College was like the fee we paid to get on the boat; but once on the boat, the odds in the job market are stacked towards the house.
We could even look at the non-economic aspects of life as a gambler. I used to read a lot, perhaps a bit too much, about the merging of democracy and entertainment, so when Trump first announced his candidacy for the primary, I was all but certain of his success.
Yet I did not place any money on this through one of many betting websites, which would have paid off twenty-five to one.
Seems in a larger sense, most elections with life-and-death consequences come down to a coin toss (or in Virginia, the pulling of a name from hat); they are a gamble with even odds.
And I suppose that, like most parents, I cannot help but awe at the odds of creating a “perfect child.” And was it pure luck that enabled me to meet my wife in the first place?

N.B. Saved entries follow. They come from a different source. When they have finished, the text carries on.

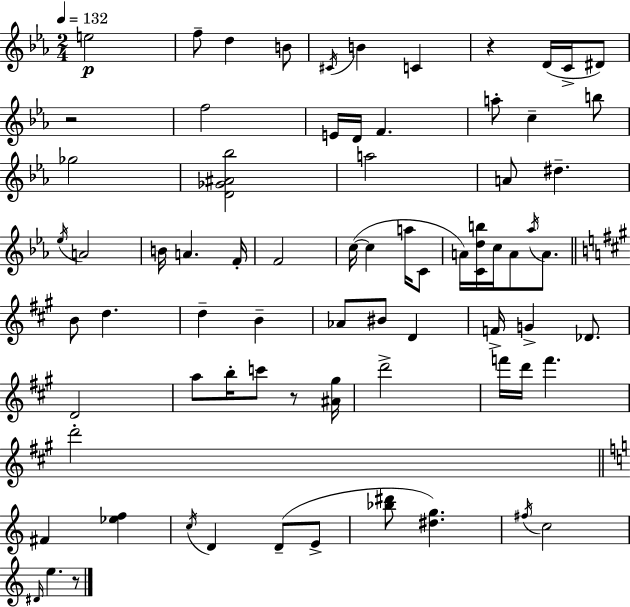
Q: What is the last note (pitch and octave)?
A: E5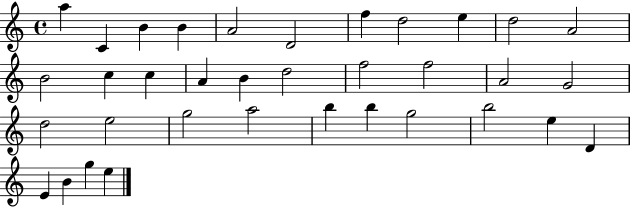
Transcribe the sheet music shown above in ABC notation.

X:1
T:Untitled
M:4/4
L:1/4
K:C
a C B B A2 D2 f d2 e d2 A2 B2 c c A B d2 f2 f2 A2 G2 d2 e2 g2 a2 b b g2 b2 e D E B g e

Back on the boat, the smallness I felt from the ocean made me realize our separating of risk and life is somewhat peculiar given that evolutionary psychologists point out that the addictive nature of gambling develops because the risk, excitement, and reward activate the primitive, even instinctual parts of the brain that help ensure our physical survival. Makes sense.
I get it; sitting in class, going to work, pulling the voting lever, taking communion, and picking out a daycare will never instill the same sense of excitement as coming face-to-face with a tiger.
But what about the other things we do for entertainment and their cost?
The boat trip cost me much less than a ticket to a professional sporting event. Would I be better off betting the cost of a ticket on my favorite team? It’s pretty easy now with online gaming sites.
Or instead of dropping funds on a movie, which I find are increasingly expensive, should I go play some rounds of online blackjack?
Given what I learned from my buddy, not only could this offer me some psychological pleasure, but it might just help me hone my skill set for my next boat trip.